Photosynth gets Geekbriefed

Cali and Neal from visited us in October, and they've just released their video "brief" of Photosynth based on that visit.  Here it is:

 And here's the synth that was made on-camera during that shoot. My color balance was a little on the sickly yellow side for this one. Sorry Cali!


Comments (1)

  1. Nate Lawrence says:

    Well that was pleasant. I need to look up their previous episode on Photosynth, apparently.

    It’s also good to hear someone besides Blaise emphasise the difference in results between the determined (and reasonably informed) photosynther vs. typical mass photography.

    I have to admit that my earliest synths all used portrait shots in my panoramas. I believe I had 50 percent overlap more often than not but I wasn’t exactly overjoyed with the results of that method.

    I’ve wondered before whether the 1.5 or 2.0 megapixel versions of our photos that are used to harvest image features are always defined by a maximum pixel size in the largest dimension (width or height). This is to ask, "EXIF data notwithstanding, would square photos that were centred on the same subject and the same number of pixels tall as landscape photos actually generate more image features?".

    I will say one thing. I feel like somehow the description of Photosynth needs to be distilled to be much more clear while still remaining compelling and concise. This is certainly difficult to do, but I can’t help feeling that it would result in better reactions from people.

    Reading the comments over at raises my blood pressure a little over people’s dismissal. Time and again you see the word ‘underwhelmed’. Well, what is the reason for that?

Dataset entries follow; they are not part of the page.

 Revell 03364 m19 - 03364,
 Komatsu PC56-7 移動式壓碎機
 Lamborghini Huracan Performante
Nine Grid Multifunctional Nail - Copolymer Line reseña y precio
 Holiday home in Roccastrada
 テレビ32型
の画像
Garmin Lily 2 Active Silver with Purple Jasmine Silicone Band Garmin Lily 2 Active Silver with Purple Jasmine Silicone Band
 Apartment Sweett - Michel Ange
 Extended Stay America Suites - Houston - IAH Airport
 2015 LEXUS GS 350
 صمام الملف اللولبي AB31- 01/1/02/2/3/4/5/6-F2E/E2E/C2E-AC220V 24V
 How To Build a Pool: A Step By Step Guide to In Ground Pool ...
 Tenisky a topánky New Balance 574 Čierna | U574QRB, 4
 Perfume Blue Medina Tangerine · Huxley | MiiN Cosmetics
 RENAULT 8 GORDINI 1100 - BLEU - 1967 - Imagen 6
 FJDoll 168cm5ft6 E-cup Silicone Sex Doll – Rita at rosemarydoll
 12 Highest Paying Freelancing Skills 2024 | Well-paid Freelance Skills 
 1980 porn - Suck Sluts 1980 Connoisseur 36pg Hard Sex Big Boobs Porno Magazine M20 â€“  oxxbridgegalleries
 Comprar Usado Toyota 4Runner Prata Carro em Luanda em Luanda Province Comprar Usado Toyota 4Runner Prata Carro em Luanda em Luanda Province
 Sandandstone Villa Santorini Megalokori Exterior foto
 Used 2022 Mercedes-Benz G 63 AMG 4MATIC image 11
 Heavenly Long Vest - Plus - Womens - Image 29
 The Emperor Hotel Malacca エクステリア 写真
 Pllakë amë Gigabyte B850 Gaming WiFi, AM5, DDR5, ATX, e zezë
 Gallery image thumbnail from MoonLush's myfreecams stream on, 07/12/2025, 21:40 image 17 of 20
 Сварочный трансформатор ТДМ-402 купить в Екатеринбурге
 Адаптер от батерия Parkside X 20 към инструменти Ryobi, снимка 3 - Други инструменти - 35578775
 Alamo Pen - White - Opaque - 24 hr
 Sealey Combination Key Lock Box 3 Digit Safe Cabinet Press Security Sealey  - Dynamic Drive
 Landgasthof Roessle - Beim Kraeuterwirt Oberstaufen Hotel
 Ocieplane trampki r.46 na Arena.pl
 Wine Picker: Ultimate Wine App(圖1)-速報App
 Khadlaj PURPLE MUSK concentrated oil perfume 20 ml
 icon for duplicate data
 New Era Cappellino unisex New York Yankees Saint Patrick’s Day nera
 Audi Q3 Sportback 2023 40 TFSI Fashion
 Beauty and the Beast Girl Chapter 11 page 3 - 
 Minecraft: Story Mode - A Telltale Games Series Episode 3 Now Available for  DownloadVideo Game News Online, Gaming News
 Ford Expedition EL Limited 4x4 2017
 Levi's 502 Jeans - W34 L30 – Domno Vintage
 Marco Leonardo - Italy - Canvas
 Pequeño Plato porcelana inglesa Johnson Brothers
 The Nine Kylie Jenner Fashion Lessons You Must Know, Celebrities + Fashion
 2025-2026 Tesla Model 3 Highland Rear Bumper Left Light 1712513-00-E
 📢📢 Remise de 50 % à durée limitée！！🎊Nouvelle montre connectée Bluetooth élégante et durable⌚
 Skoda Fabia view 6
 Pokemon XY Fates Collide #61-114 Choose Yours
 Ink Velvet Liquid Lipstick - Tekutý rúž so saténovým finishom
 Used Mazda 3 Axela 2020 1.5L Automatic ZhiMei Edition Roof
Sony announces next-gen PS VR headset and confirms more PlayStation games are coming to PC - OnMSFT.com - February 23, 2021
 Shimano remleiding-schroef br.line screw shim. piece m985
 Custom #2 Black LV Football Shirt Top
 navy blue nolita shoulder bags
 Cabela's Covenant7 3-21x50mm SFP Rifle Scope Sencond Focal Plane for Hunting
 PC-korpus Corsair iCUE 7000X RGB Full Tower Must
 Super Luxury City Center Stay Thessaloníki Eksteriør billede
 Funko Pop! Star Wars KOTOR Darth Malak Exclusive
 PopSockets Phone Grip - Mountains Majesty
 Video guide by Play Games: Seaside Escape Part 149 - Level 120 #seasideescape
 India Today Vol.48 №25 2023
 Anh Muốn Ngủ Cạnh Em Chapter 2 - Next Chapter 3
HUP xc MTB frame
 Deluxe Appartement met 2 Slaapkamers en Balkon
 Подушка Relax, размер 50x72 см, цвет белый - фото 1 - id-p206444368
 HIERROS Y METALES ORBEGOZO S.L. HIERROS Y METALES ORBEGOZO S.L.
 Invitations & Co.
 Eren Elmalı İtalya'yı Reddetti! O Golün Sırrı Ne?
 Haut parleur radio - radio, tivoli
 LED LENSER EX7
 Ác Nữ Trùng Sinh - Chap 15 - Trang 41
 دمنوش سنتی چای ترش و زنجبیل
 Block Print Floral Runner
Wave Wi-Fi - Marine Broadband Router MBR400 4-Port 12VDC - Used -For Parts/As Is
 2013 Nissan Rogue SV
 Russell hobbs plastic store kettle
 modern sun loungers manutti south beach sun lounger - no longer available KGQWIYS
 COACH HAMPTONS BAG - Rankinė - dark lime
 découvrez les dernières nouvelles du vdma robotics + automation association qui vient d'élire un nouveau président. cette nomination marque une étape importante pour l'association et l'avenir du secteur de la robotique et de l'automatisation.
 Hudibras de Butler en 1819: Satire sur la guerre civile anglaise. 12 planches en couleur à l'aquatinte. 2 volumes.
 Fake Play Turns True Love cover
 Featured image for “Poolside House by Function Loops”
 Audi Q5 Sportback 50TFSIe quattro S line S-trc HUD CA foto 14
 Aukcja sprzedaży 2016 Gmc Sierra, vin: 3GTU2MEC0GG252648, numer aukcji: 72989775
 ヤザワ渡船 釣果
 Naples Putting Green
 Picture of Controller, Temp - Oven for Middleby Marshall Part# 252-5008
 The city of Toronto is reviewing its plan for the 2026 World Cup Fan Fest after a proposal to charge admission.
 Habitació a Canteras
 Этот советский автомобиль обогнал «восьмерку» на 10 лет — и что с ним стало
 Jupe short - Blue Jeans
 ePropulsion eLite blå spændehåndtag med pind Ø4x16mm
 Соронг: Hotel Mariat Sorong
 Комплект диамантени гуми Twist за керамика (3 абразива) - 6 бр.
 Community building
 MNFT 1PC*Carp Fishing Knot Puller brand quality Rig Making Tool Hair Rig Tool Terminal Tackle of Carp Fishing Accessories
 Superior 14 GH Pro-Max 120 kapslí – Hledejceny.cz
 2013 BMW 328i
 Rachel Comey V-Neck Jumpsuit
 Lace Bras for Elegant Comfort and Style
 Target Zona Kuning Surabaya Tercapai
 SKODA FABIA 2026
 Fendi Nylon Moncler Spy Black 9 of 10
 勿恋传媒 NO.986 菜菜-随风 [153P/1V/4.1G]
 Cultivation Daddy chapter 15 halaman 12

    Somehow in describing what Photosynth is, expectations are raised above what Photosynth is delivering today. I’m certain we all feel that the future holds nearly unlimited promise, but I wonder whether it isn’t better to show people before you tell. I actually think that the order of presentation in Blaise’s TED Talk had a lot to do with its success. People saw it in action for themselves before any description could conjure up a vision in their heads that transcends Photosynth’s current position.

    In any case, this is a great little way to wrap up the year on the heels of the second version of the Silverlight 3 Viewer, Geo-Alignment, Bing Maps Beta, Overhead View, etc. It’s been a great year of progress, guys. Thanks so much for all your hard work.

    That being said, I can hardly wait to see:

    > Linked Synths! (this is going to buy you so much credibility as it’s really the big piece that’s been MIA since the TED Talk and the Live Labs promo video days)

    > Dense Reconstruction!

    > aligning each separate pointcloud in a fractured synth (and even orphaned photos) using the geo-alignment tool

    > MSR ICE integration!

    > hardware acceleration for proper 3D and stable pointclouds

    > view the map tiles as a ground plane under the pointcloud as in the geo-alignment tool (also allowing us to play the slideshow in overhead view).

    > the ability to suggest geo-alignment for other people’s synths (there are so many people who are just never going to do it on their own!)

    > the ability to send other Photosynth users a direct message, rather than having unrelated conversations in comment threads on their synths.

    > notifications to replies in the forums

    > Bing Maps Silverlight leave beta (hopefully ditching the black void around the satellite tiles when you dive into a synth)

    > the ability to log into and comment on the official Photosynth blog with my official Photosynth account. 😉

    and the list goes on and on.

    I have prioritised the above for the most part as far as what I would love to see, for whatever it’s worth. Obviously some of it extends past the Photosynth team (such as Silverlight’s capabilities.)

    I’m definitely looking forward to seeing what your team has been working on in the coming year. Thanks, again.